Un sábado hacia fines de agosto encontré a mis hijes en un muelle de Boston y los traje en paseo con Brisa por la Bahía de Boston. Acá en la bahía hay una puñado de islas con restos de fortificaciones de los siglos veinte y diecinueve. Una de ellas islas tiene mi apellido, Isla Lovell. Allí nos fuimos.
Fondeamos al lado este de la isla. Nosotros tres en la lanchita auxiliar fue divertido aunque peligroso. Todos con chalecos de salvavidas. La lanchita se sentaba bajo en el agua. Sin contratiempos llegamos a la playa rocosa.

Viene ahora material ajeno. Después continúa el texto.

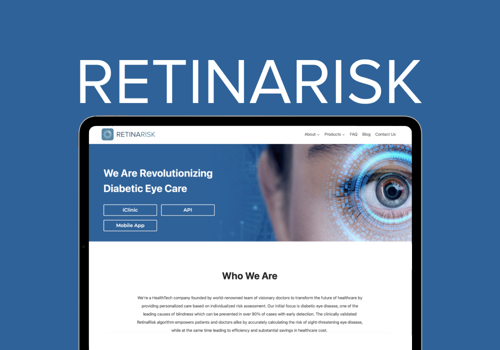 Mobile App Development Package Example: Healthcare Platform for Diabetes: RetinaRisk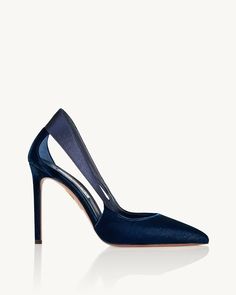 Dangerous Liaisons Pump 105 Blue New Arrivals 1 Blue Satin Shoes, Blue Bridal Shoes, Dangerous Liaisons, Paris Blue, Aquazzura Shoes, Cute Shoes Heels, Shoe Wardrobe, Satin Shoes, Paris Blues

Exploramos la costa de la isla con las vistas de la ciudad y de las islas y el faro más fuera hacia el océano. Exploramos las ruinas de las instalaciones que había allí. Por lo mayor, fueron militar, defensas artilleras construidas durante el segundo guerra mundial, nunca utilizadas en la ira, ahora casi totalmente derruidos.
Encontramos a un pirata naufragado, solitario, mirando hacia la bahía y la ciudad, abandonado, estoico y con esperanza de una vida rica o una muerte heroica.
Antes de volver a la muelle en el centro de Boston, paramos en la Isla Georges para explorar el Fuerte Warren construido en el siglo diecinueve. El fuerte me parezca algo que, en su tiempo, fue de la tecnología alta, un puesto de prestigio. De verdad es con condición mucho más intacto que los instalaciones derruidos de hormigón construidas en el siglo próximo.
Mi apellido es inglesa. Por eso lo encuentro frecuentemente acá en Nueva Inglaterra. Hay calles también, por todos lados con mi apellido. Debo quedarme acá, pero no. Es una relación artificial. Es algo divertido, sorprendente, nada más.
Para mi la memoria de la Isla Lovell sería de una visita buena y divertida con mis hijes. Así cuando lo pase de vuelta hacia el sur, saliendo de Boston, lo diré un saludo amigable con la buena memoria.